● **Action item**
Reproduce the listing below from the line with "Lot de 6 Trieur" to the line with "Presenetljivo: sušeni kaki", both lines included, character for character, minus any pictures.

● **Data shown**

⟨

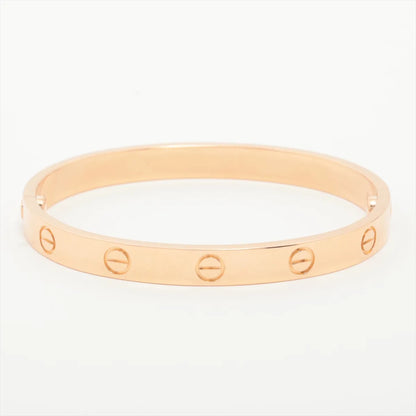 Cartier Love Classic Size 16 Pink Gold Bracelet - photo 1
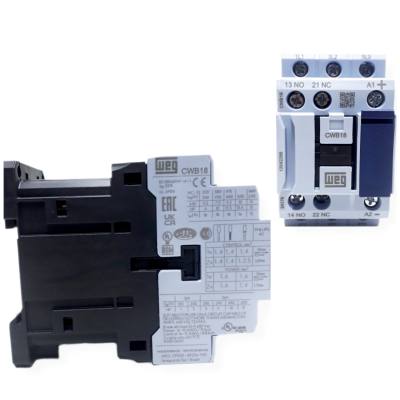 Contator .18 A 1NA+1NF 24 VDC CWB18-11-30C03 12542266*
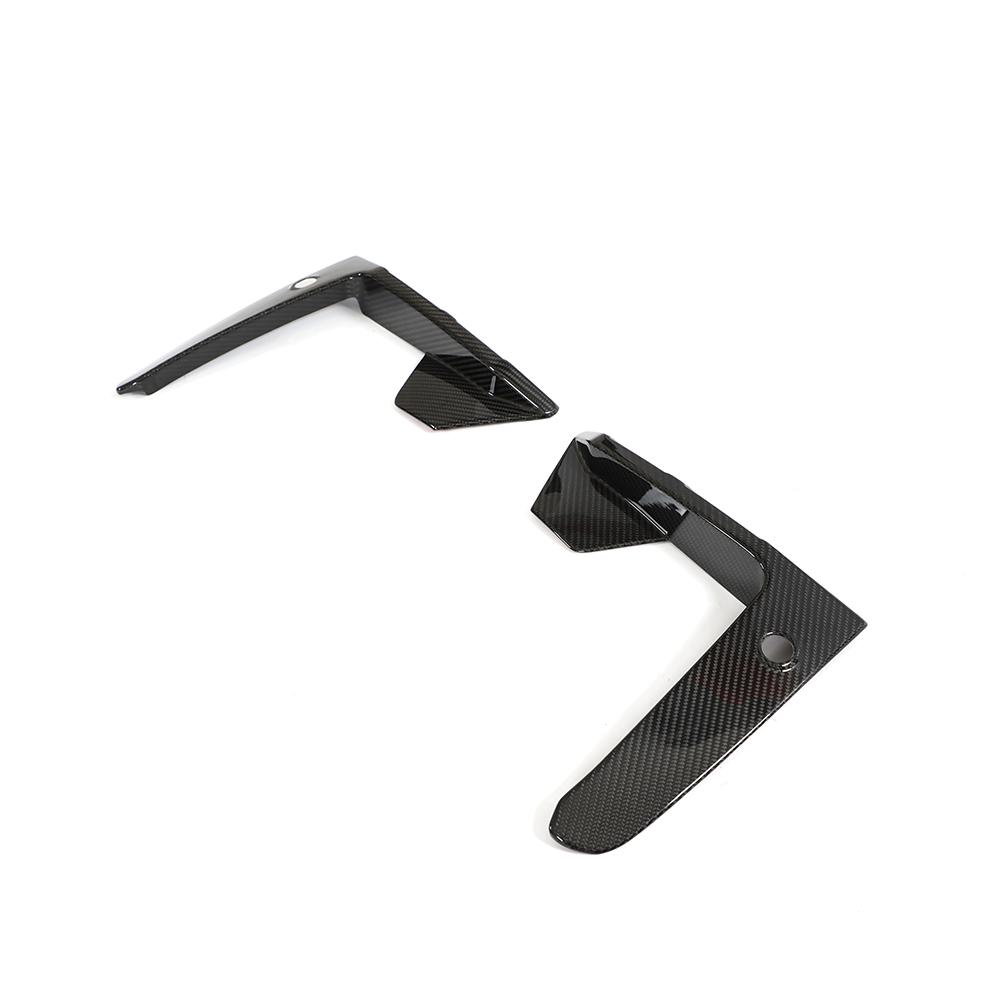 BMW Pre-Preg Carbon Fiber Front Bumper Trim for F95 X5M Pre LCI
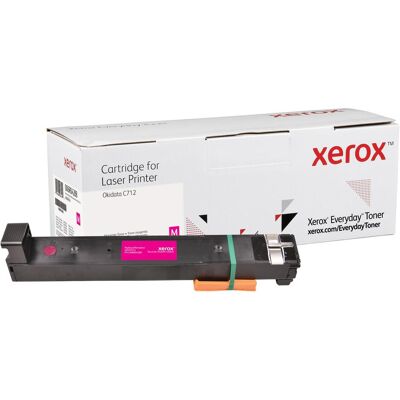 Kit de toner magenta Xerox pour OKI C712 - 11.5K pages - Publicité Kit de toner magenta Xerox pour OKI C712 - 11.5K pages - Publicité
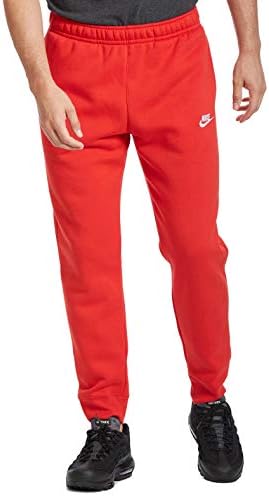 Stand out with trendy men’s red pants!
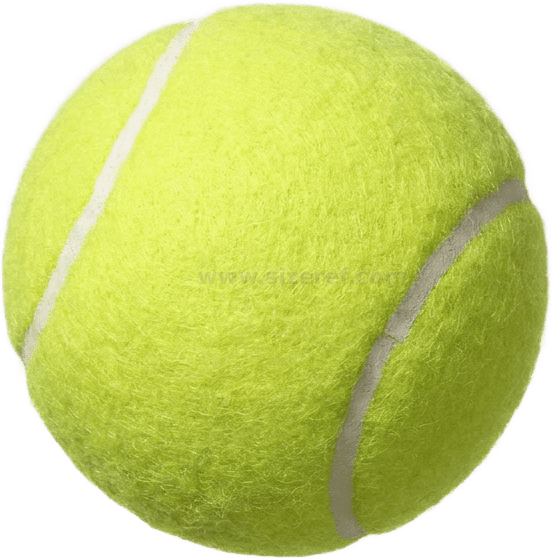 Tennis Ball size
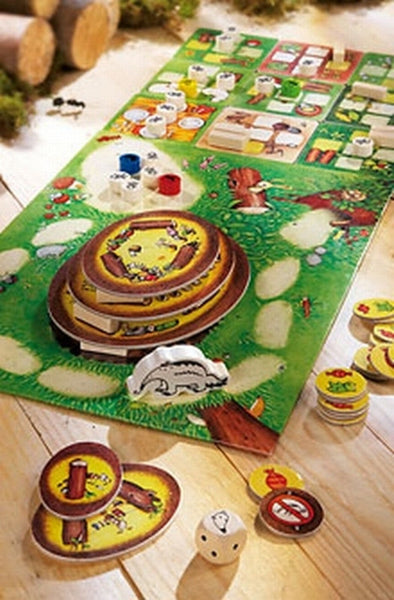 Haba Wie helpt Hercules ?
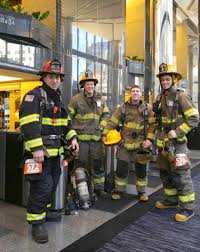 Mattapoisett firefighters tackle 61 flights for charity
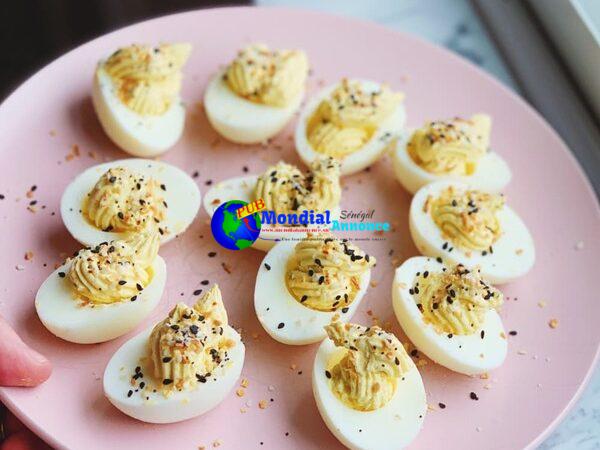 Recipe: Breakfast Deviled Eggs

⟩
⟨

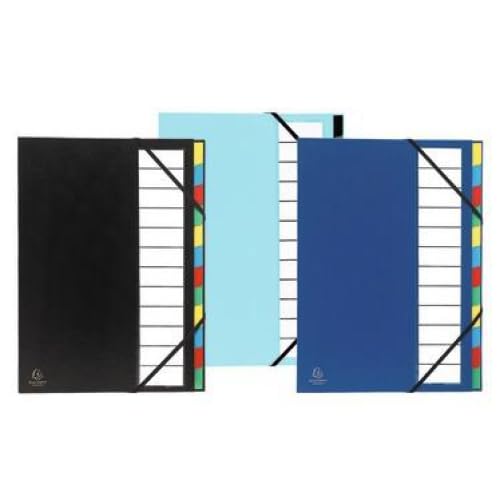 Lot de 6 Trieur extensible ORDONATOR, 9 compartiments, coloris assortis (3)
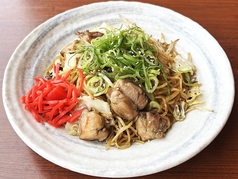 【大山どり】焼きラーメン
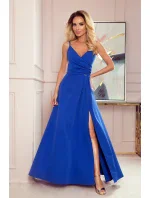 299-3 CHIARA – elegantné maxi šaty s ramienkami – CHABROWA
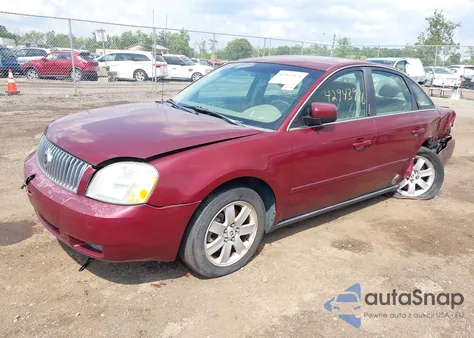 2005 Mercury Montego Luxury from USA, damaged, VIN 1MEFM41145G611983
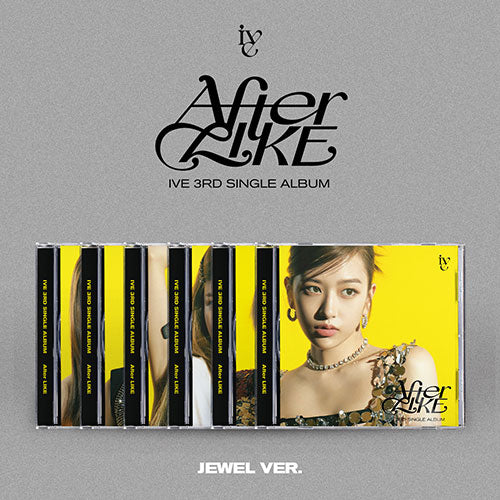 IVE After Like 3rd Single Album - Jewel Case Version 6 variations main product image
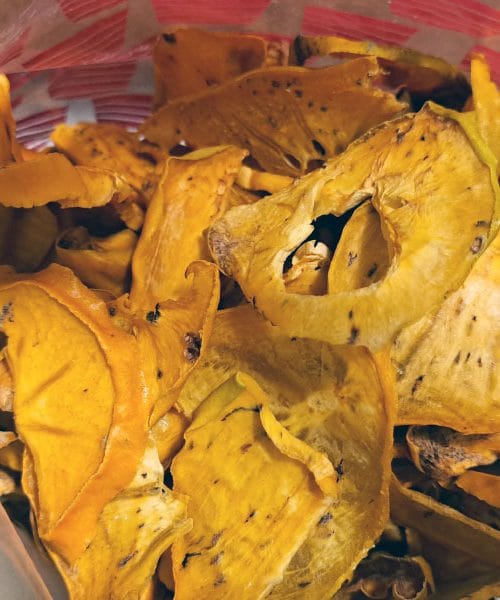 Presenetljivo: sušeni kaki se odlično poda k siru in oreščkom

⟩
⟨

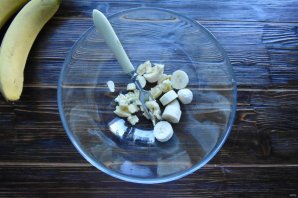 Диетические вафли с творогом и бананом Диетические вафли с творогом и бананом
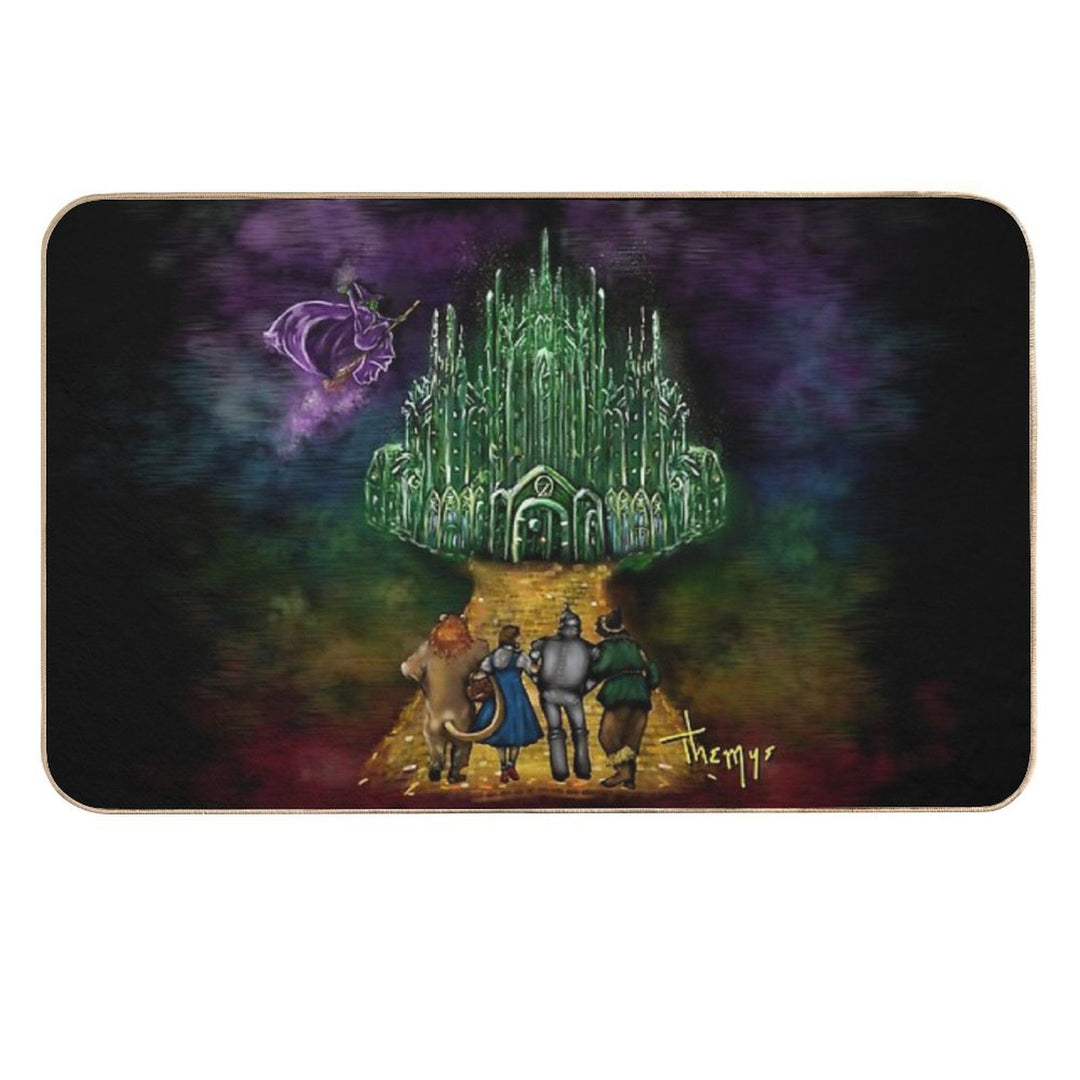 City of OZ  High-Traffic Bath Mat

⟩

● **Output of the exercise**
 Lot de 6 Trieur extensible ORDONATOR, 9 compartiments, coloris assortis (3)
 【大山どり】焼きラーメン
 299-3 CHIARA – elegantné maxi šaty s ramienkami – CHABROWA
 2005 Mercury Montego Luxury from USA, damaged, VIN 1MEFM41145G611983
 IVE After Like 3rd Single Album - Jewel Case Version 6 variations main product image
 Presenetljivo: sušeni kaki se odlično poda k siru in oreščkom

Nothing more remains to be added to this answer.